Write down the listing again exactly as it appears below, without its pictures.

Provided records:
########

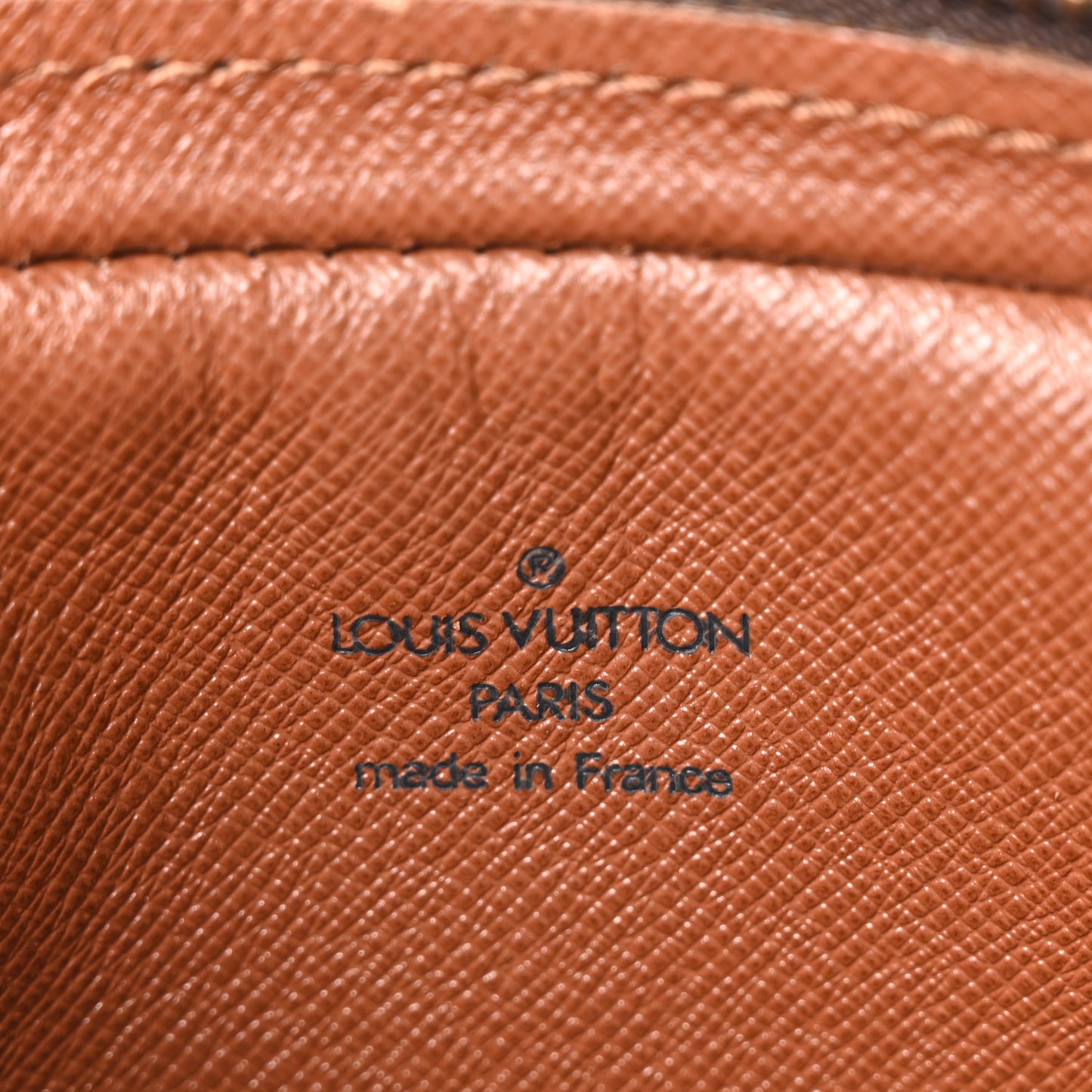 Monogram Pochette Marly Dragonne 22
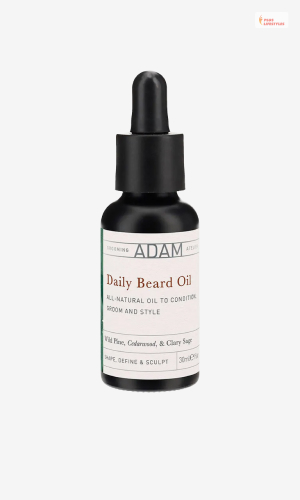 Adam Grooming Atelier Daily Beard Oil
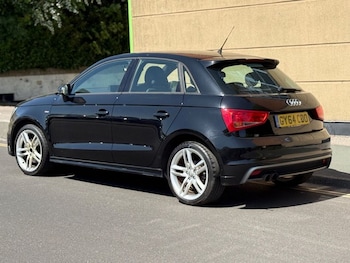 Used Audi A1 2014 for sale - 78458702: Photo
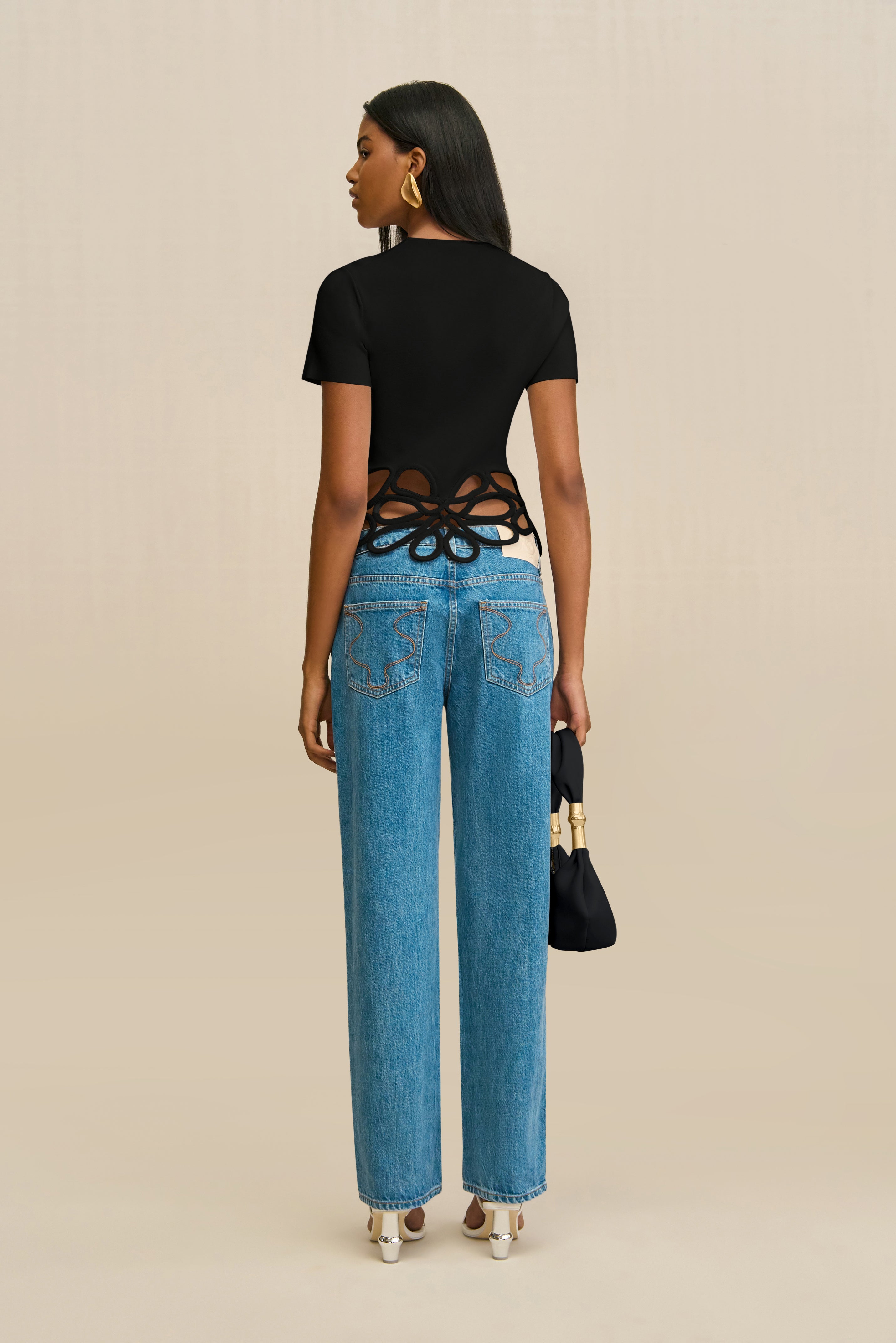 Cult Gaia Women | ERES KNIT TOP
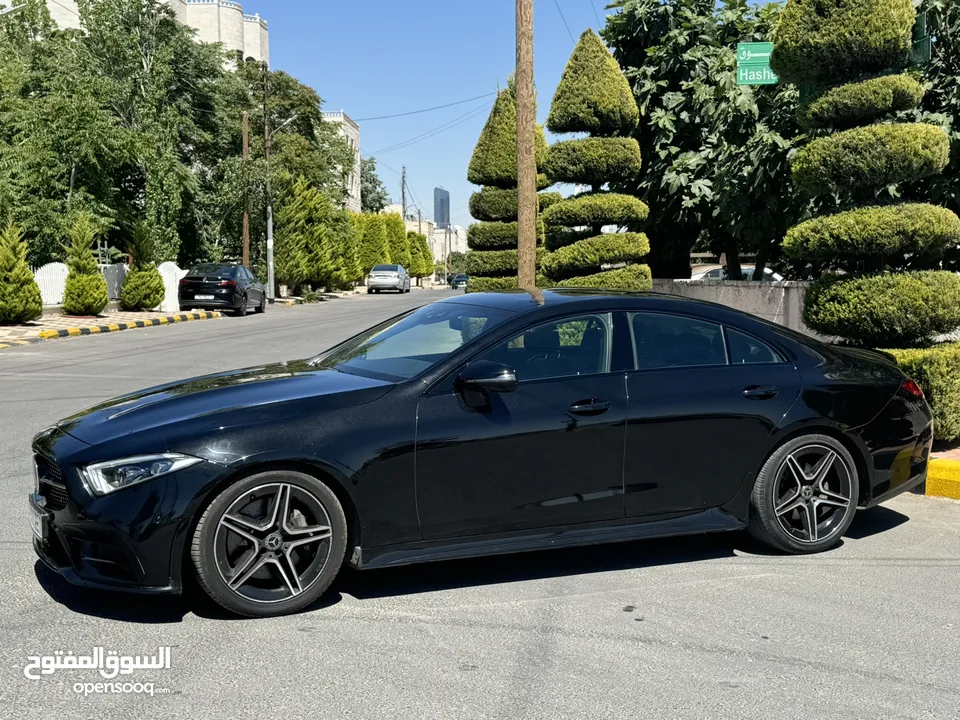 مرسيدس بنز CLS350 /2020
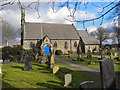 Lowton St Mary's Parish Church in WA3 1EX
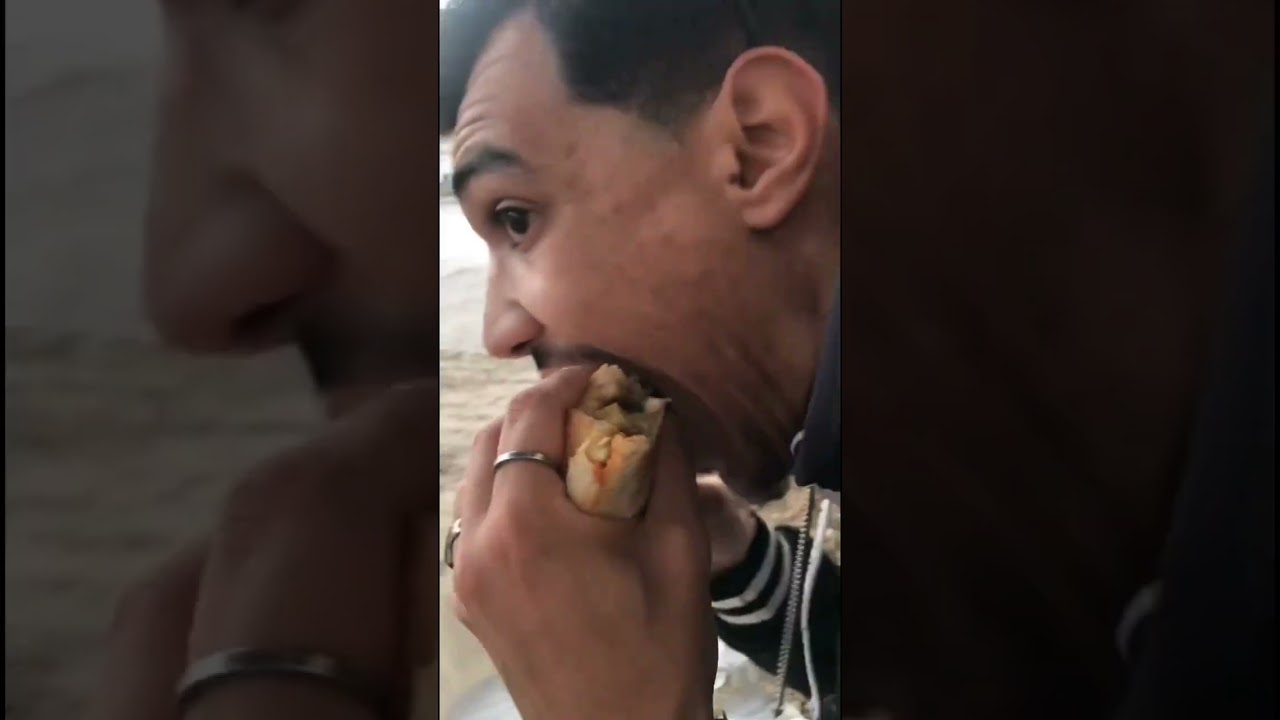 صهيب و عبدو في تونس 🤣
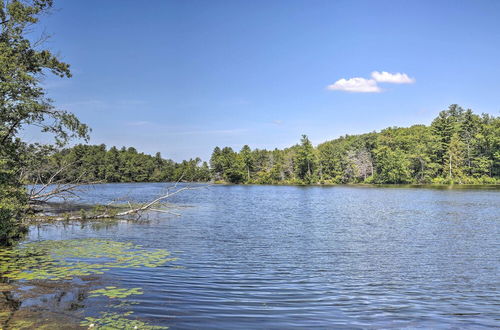 Foto 5 - Waterview Home in the Berkshires: Near Hiking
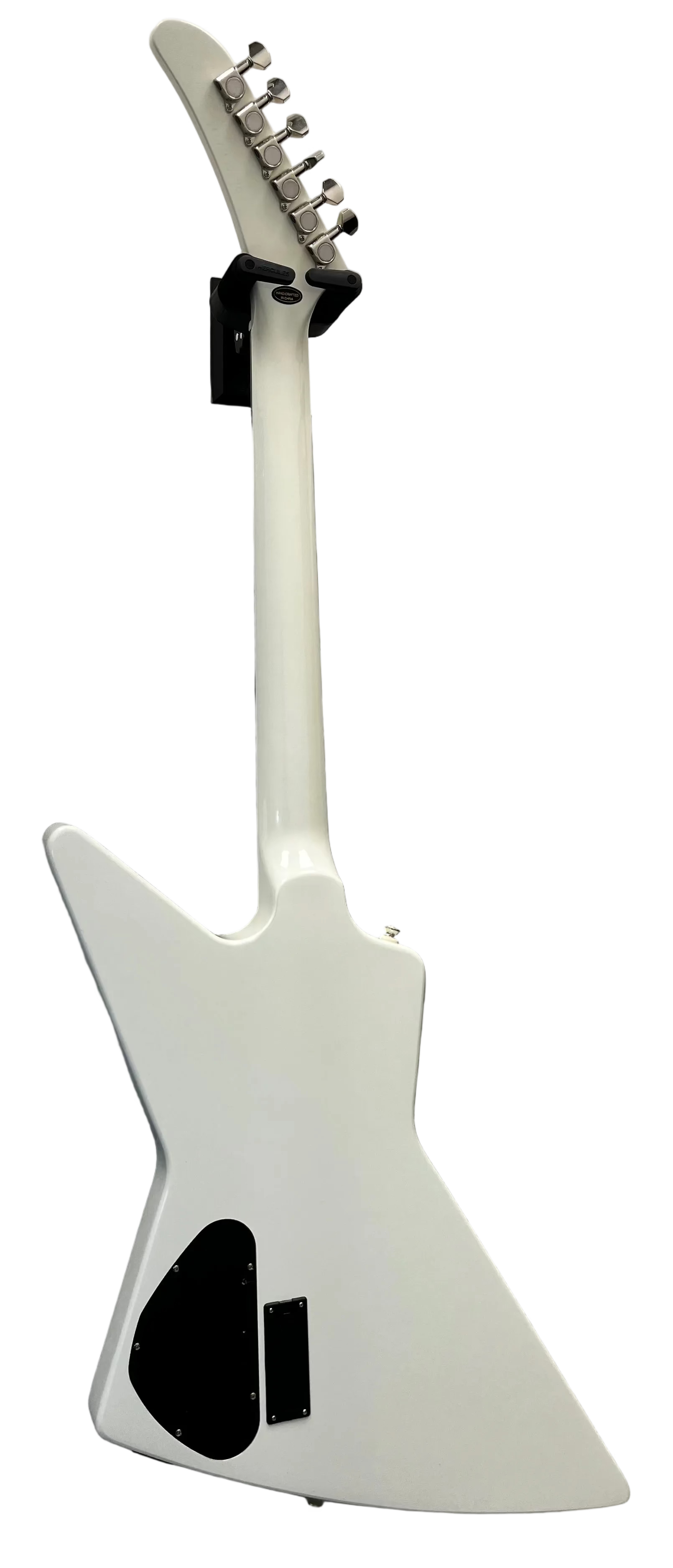 Epiphone Explorer 80s Electric Guitar with Gigbag - Classic White EIEX8CWNH SERIAL NUMBER 26041522270 - 7 LBS 6 OZ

########

Output for this task:
 Monogram Pochette Marly Dragonne 22
 Adam Grooming Atelier Daily Beard Oil
 Used Audi A1 2014 for sale - 78458702: Photo
 Cult Gaia Women | ERES KNIT TOP
 مرسيدس بنز CLS350 /2020
 Lowton St Mary's Parish Church in WA3 1EX
 صهيب و عبدو في تونس 🤣
 Foto 5 - Waterview Home in the Berkshires: Near Hiking
 Epiphone Explorer 80s Electric Guitar with Gigbag - Classic White EIEX8CWNH SERIAL NUMBER 26041522270 - 7 LBS 6 OZ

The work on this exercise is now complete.